How to prevent Bitwarden from inappropriately filling-in username and password fields on pages that are not logins

Ask the Community Password Manager
,
1

My company uses ITGlue, which allows us to securely store credentials, that is username and password data.

When I edit a credential record, Bitwarden stomps all over the existing data in the username and password fields with my personal data. This means that the changes I want to make to other fields cannot be saved because the username and password fields have been defaced.

Has anyone experienced this, and found a way to prevent it?

Thanks!

2

Hi @EricMorin and welcome to the community,

I have recently ran into this similar issue with some logins, particularly with financial institutions which insist on having consumer and business logins on the same landing page, which caused my login credentials to fill in both forms. :unamused:

  • I was able to conquer this with the use of custom fields in the Bitwarden login that is matching (in your case most likely your work ITGlue user login credentials). Bitwarden will try to match and auto-fill on a number of fields that may be used for login such as email or username, and password.
    For tricky auto-fill scenarios the use of custom fields as linked above can be used as likely the HTML <input> tag may differ between the login page and the records you are changing.

Aka you can use Copy Custom Field Name to match the field with your current ITGlue login, and simply leave that custom field value blank

  • Another option may be to check your current match detection for URIs for the login stored. If the landing page and the subsequent pages where you access user records differ, then you may be able to change the URI stored in the Bitwarden login or better adjust the match detection for that URI so it will only fill on the page you want.
  • Lastly, given this statement it appears to me that you may be using a default of auto-fill on page load, in which case you can either change the global default for your browser extension client, or also adjust the Auto-fill on page load (if set up in Options) setting for the individual ITGlue login stored so it does not automatically attempt to fill these fields when editing a records in ITGlue.
    As seen below
    2023-04-25_12h51_04
    2023-04-25_12h51_04361×138 6.71 KB

If you do ultimately disable Auto-fill on page load either globally or for the login, you should still be able to auto-fill your login for ITGlue stored in Bitwarden on-demand. Either with the use of keyboard shortcuts, manual auto-fill, or the use of the context-menu as detailed in the above linked auto-fill Bitwarden Help article.
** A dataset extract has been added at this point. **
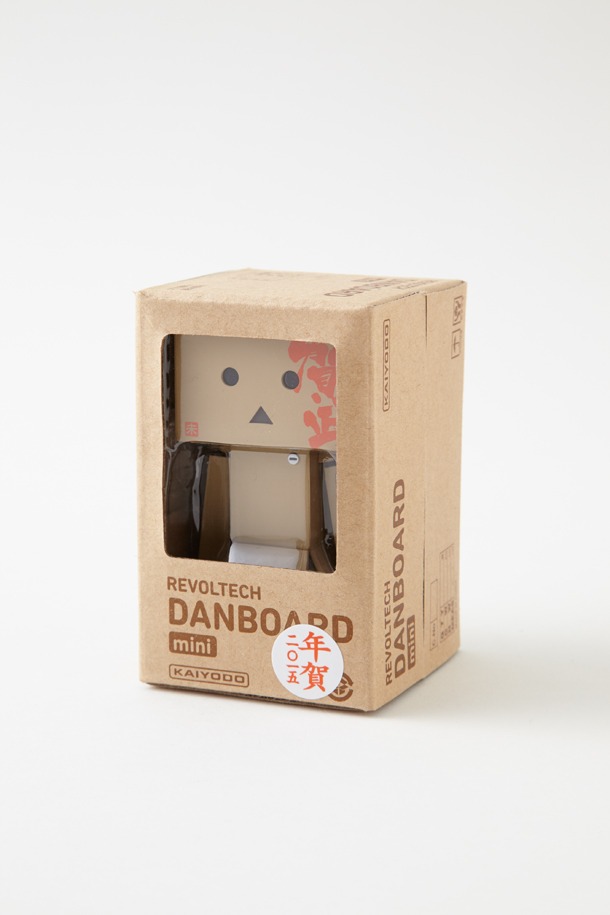 「リボルテックダンボー・ミニ 年賀ダンボー2015」  (c)KIYOHIKO AZUMA/YOTUBA SUTAZIO
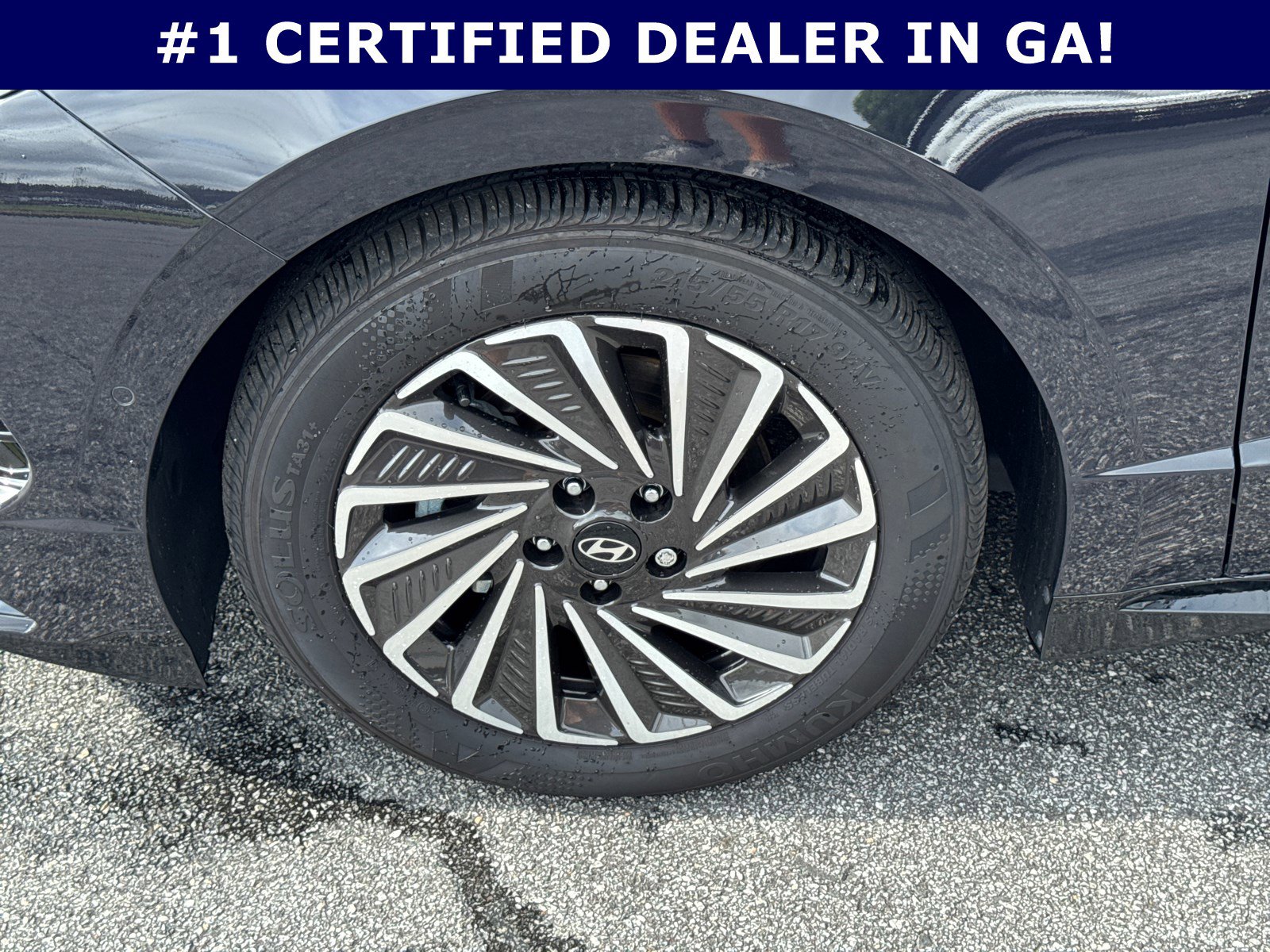 Used 2024 Hyundai Sonata Limited image 11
I hope this information helps and assists you with your issue :slightly_smiling_face:

3

I agree with @cksapp.

Your first recourse should be to ensure that the URI that is stored for your ITGlue login credentials only matches the actual login page (using a URI match detection setting set to Exact or Starts With), and that Bitwarden does not match this vault item to any of the interior pages of the ITGlue site (i.e., you should not see a badge counter on the Bitwarden extension icon)…

If that is not possible, the second recourse should be to define custom fields that are matched to the login form input fields, and leave the standard username/password fields empty in your vault item for ITGlue.